Searches for media files in the Macaulay Library

Description

query_macaulay searches for metadata from Macaulay library.

Usage

query_macaulay(
  species = getOption("suwo_species"),
  taxon_code = NULL,
  format = getOption("suwo_format", c("image", "sound", "video")),
  verbose = getOption("suwo_verbose", TRUE),
  all_data = getOption("suwo_all_data", FALSE),
  raw_data = getOption("suwo_raw_data", FALSE),
  path = ".",
  files = NULL,
  dates = NULL,
  taxon_code_info = ml_taxon_code
)

Arguments

species

Character string with the scientific name of a species in the format: "Genus epithet". Required. Can be set globally for the current R session via the "suwo_species" option (e.g. options(suwo_species = "Hypsiboas rufitelus")).

taxon_code

Optional character string with the Macaulay Library taxon code (see vignette for more details). If provided, 'species' is ignored.

format

Character vector with the media format to query for. Options are 'sound', 'image' of 'video'. Can be set globally for the current R session via the "suwo_format" option (e.g. options(suwo_format = "image")). Required.

verbose

Logical argument that determines if text is shown in console.

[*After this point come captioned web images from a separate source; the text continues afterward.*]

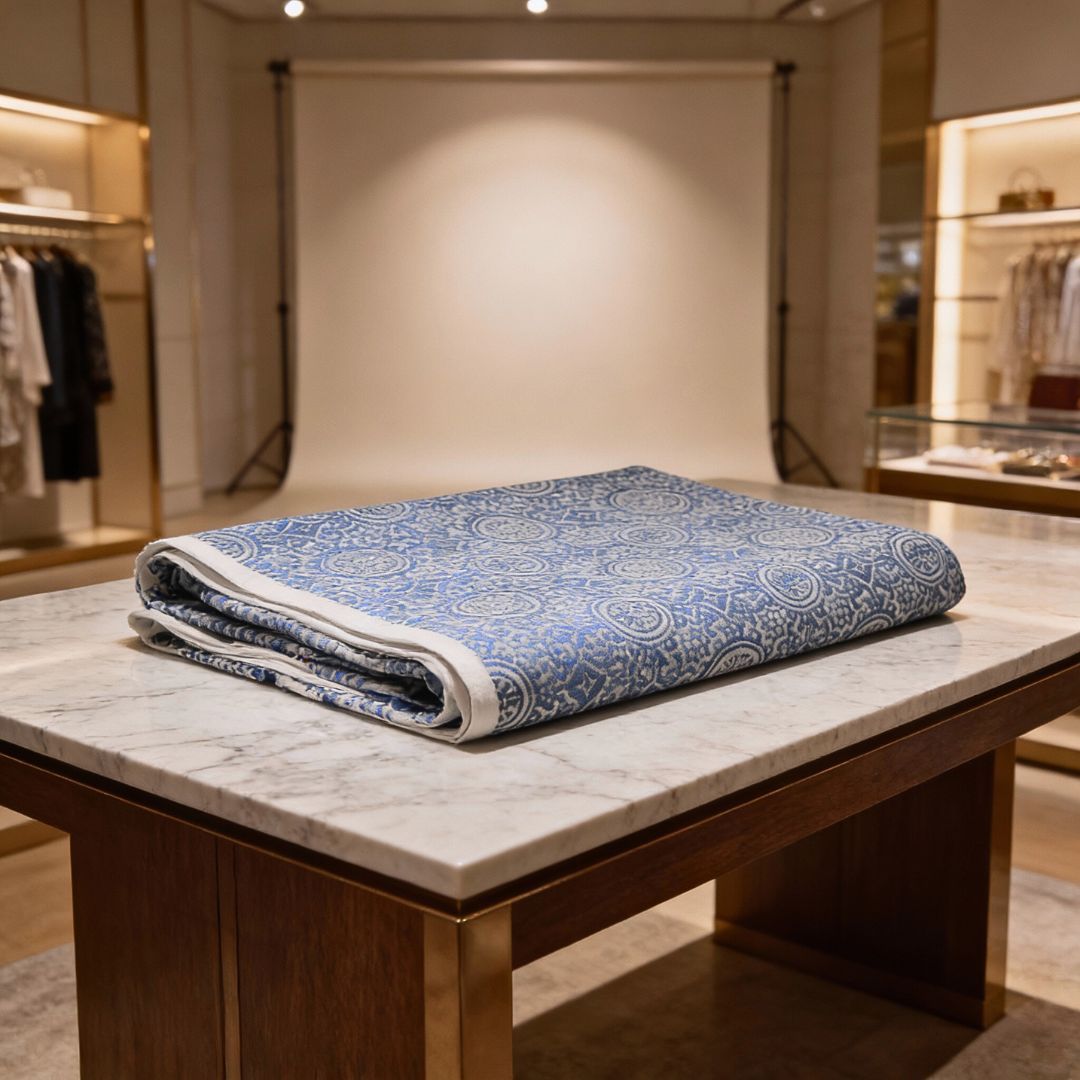 Single-Sided Hand Block Printed Mal Cotton Fabric – Soft Blue Pattern | Sold Per Meter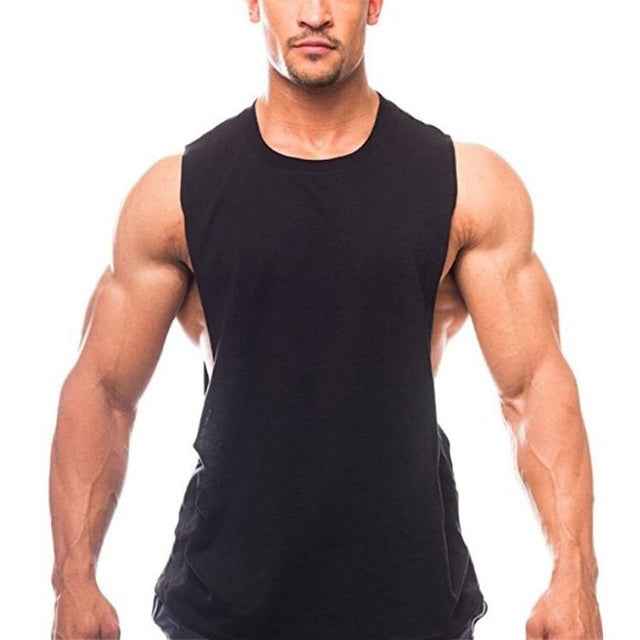 Brand New Plain Tank Top Men Bodybuilding Singlet Gyms Strin - Luxovo.cc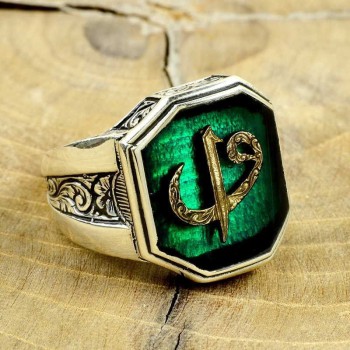 925K Sterling Silver Alif Waav Men Ring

Default is TRUE. Can be set globally for the current R session via the "suwo_verbose" option ( options(suwo_verbose = TRUE)).

all_data

Logical argument that determines if all data available from database is shown in the results of search. Default is FALSE. Can be set globally for the current R session via the "suwo_all_data" option ( options(suwo_all_data = TRUE)).

raw_data

Logical argument that determines if the raw data from the repository is returned (e.g. without any manipulation). Default is FALSE. Can be set globally for the current R session via the "suwo_raw_data" option ( options(suwo_raw_data = TRUE)). If TRUE all_data is set to TRUE internally. Useful for developers, or if users suspect that some data is mishandled during processing (i.e. date information is lost). Note that the metadata obtained when raw_data = TRUE is not standardized, so most suwo functions for downstream steps will not work on them.

path

Directory path where the .csv file will be saved. By default it is saved into the current working directory (".").

files

Optional character vector with the name(s) of the .csv file(s) to read. If provided, the function will import the data from the .csv files instead of opening the Macaulay Library search page in a browser ('species' is ignored if supplied).

dates

Optional numeric vector with years to split the search. If provided, the function will perform separate queries for each date range (between consecutive date values) and combine the results. Useful for queries that return large number of results (i.e. > 10000 results limit). For example, to search for the species between 2010 to 2020 and between 2021 to 2025 use dates = c(2010, 2020, 2025). If years contain decimals searches will be split by months within years as well.

taxon_code_info

Data frame containing the taxon code information. By default the function will use the internal data frame "ml_taxon_code" included as example data in the package. This object contains the data from the October-2025 eBird taxonomy (downloaded from https://www.birds.cornell.edu/clementschecklist). If new versions of the list become available it will be updated in new package versions. However, if users need to update it they can download the new list version, read it in R as a data frame and provide it to the function through this argument.

Details

This function queries for species observation info in the Macaulay library online repository and returns the metadata of media files matching the query. The Macaulay Library is the world’s largest repository of digital media (audio, photo, and video) of wildlife (mostly birds but also other vertebrates and invertebrates), and their habitats. The archive hosts more than 77 million images, 3 million sound recordings, and 350k videos, from more than 80k contributors, and is integrated with eBird, the world’s largest biodiversity dataset. For bird species the species name must be valid according to the Macaulay Library taxonomy (which follows the Clements checklist). For non-bird species users must use the argument taxon_code. The species taxon code can be found by running a search at the Macaulay Library's search page and checking the URL of the species page. For instance, the URL when searching for jaguar (Panthera onca) is 'https://search.macaulaylibrary.org/catalog?taxonCode=t-11032765' so the taxon code is "t-11032765". If all_data = TRUE, all metadata fields (columns) are returned. If raw_data = TRUE, the raw data as obtained from the repository is returned (without any formatting). Here are some instructions for using this function properly:

  • Valid bird species names can be checked at suwo:::ml_taxon_code$SCI_NAME.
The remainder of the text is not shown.